Petite dernière de sa grande fratrie composé de douze frères plus ou moins sympathiques et passablement turbulents, Aëll est aussi cette petite personne dont on se moque et qu'on ignore le reste du temps. Un jour, elle laisse derrière elle son petit univers gris et froid pour s'embarquer sur un petit voilier, pour prendre la mer. Elle peut ainsi mettre en pratique ses observations menées sur ses nombreux grands frère et son père, tous pécheurs. Défiant cette peur qui meuble son quotidien, Aëll s'engage pour un voyage en mer où elle vivra moult aventures, mais où , surtout, elle partira en quête d'elle-même.
"Le voyage d'Aëll" est le cinquième membre de la collection "Perdre le Nord" et pour le moment, le plus court. Toutefois, il n'en est pas moins intéressant. Il dégage quelque chose d'onirique et de doux, où on se sent bercé par la houle.
À partir d'ici, il y aura des divulgâchis.
Aëll rencontre un banc de baleines endormies paisiblement, alors qu'un homme qui s'en fait le gardien, les berce avec des chants et les manipule pour les positionner selon leurs préférence, tel un papa. Edwyn, de son nom, me semble incarner ces inconditionnels amoureux des animaux. Je me rend compte, en écrivant ses lignes, qui pourrait incarner l'idéal paternel d'Aëll, un homme doux, sensible et prévenant, qui connait ses "enfants" et souhaite autant leur confort que leur bien-être.

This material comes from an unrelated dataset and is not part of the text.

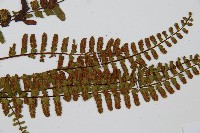 三翅鐵角蕨藏品圖，第5張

Sa seconde rencontre sera celle des Reines de l'île au sable rouge. L'une lui racontera sa formidable histoire de ruse et de piraterie, où elle passera de simple passagère à Capitaine, pour trouver l'amour au bras d'une princesse, qui se seront d'abord longtemps fréquentées. Sur cette île qu'elles gouvernent ensemble, se tiennent des rencontres secrètes, sous le couver de la nuit, où des femmes de toute classe sociale se retrouvent pour se raconter des histoires, un thé à la mains. C'est dans cet univers douillet et chaleureux qu'Aëll découvre le pouvoir de la sororité, qui contraste fortement avec la fraternité bagarreuse et moqueuse de sa propre famille. Aëll se sent écoutée, considérée et même aimée. C'est au terme de nombreux mois qu'elle reprend la mer, bien plus confiante et solide qu'elle ne l'a jamais été. Elle sait maintenant qu'on peut porter ses amitiés à travers le temps et l'espace et que ce ne sont que des au revoir, pas des adieux.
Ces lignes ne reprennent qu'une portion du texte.